_PROMPT_: Give the data again in full, without pictures.

[Short text fragments from websites]
········

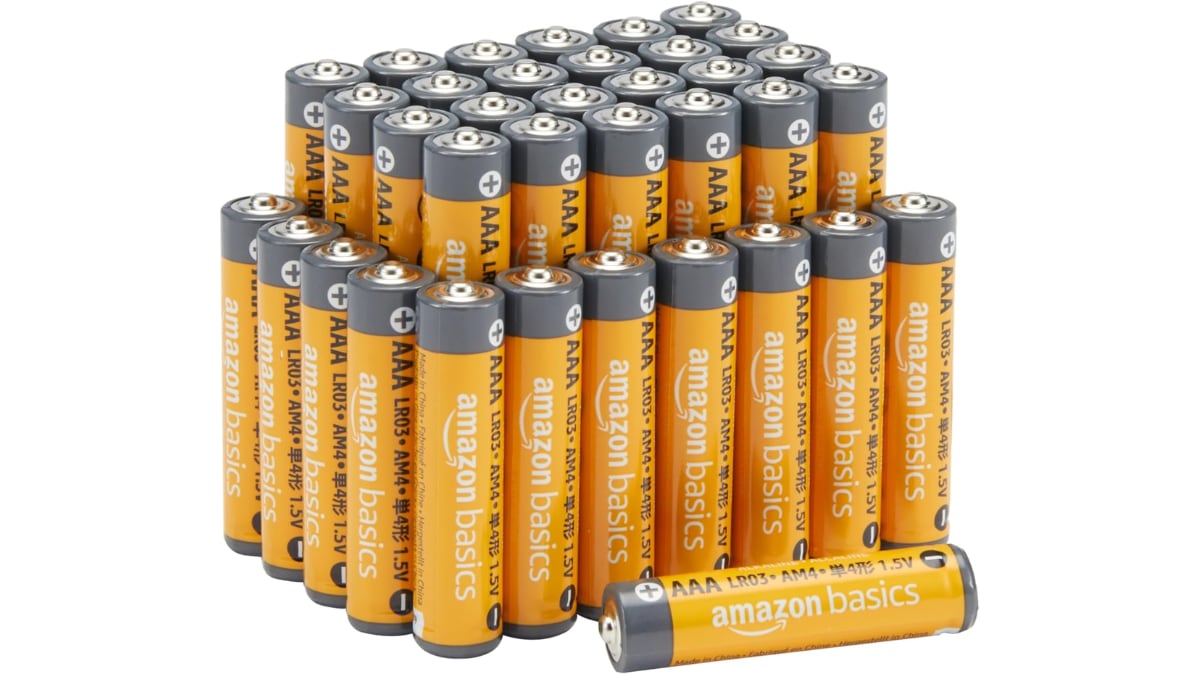 Paquete de 36 pilas alcalinas de Amazon Basics.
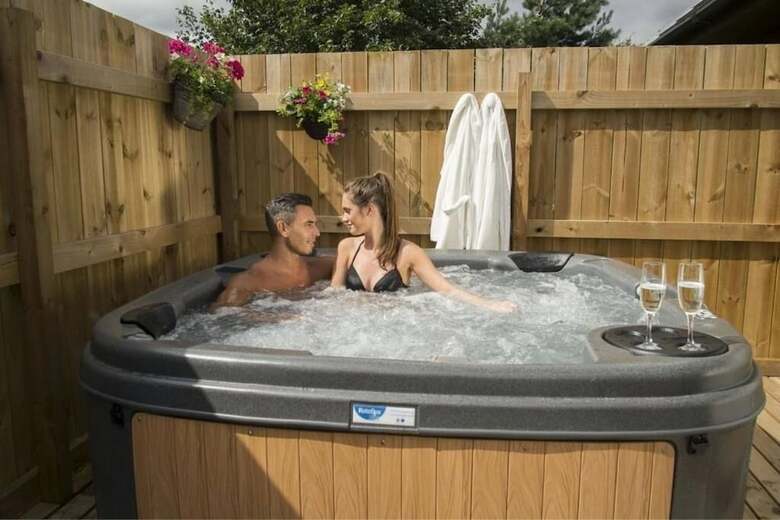 Apartamentos Snowdrop 14 Hot Tub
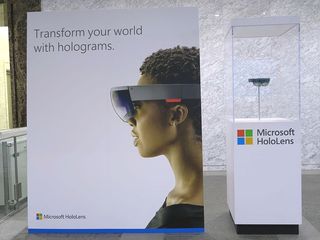 HoloLensでビジネスに浸透し始めるMR - 阿久津良和のWindows Weekly Report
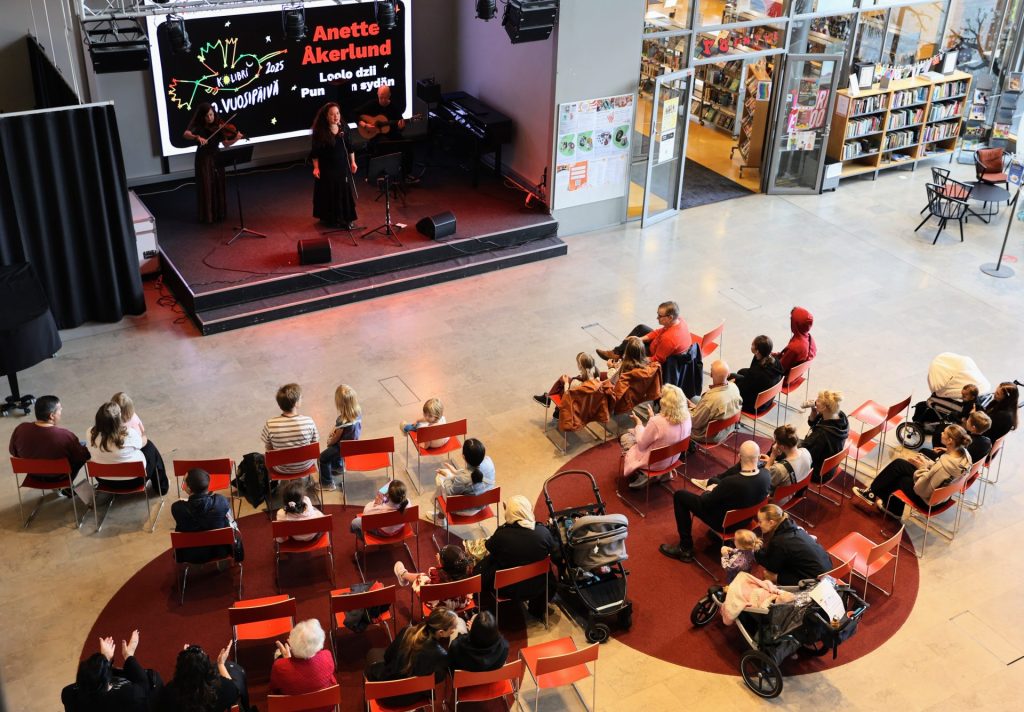 the picture shows Roma artist Anette Akerlund featuring a flamenco concert at Sello Library, with lots of people enjoying the concert.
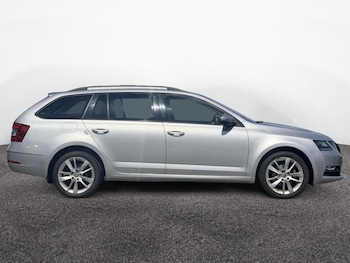 Used Skoda Octavia 2018 for sale - 79491887: Photo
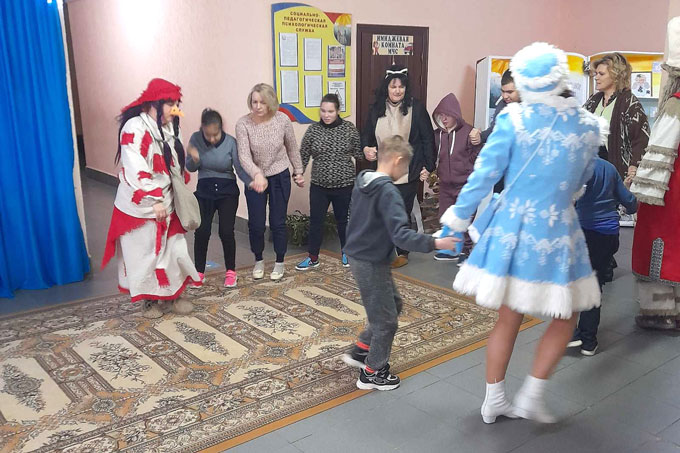 Волонтёры центра детского творчества порадовали воспитанников центра коррекции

········

_YOUR RESPONSE_:
 Paquete de 36 pilas alcalinas de Amazon Basics.
 Apartamentos Snowdrop 14 Hot Tub
 HoloLensでビジネスに浸透し始めるMR - 阿久津良和のWindows Weekly Report
 the picture shows Roma artist Anette Akerlund featuring a flamenco concert at Sello Library, with lots of people enjoying the concert.
 Used Skoda Octavia 2018 for sale - 79491887: Photo
 Волонтёры центра детского творчества порадовали воспитанников центра коррекции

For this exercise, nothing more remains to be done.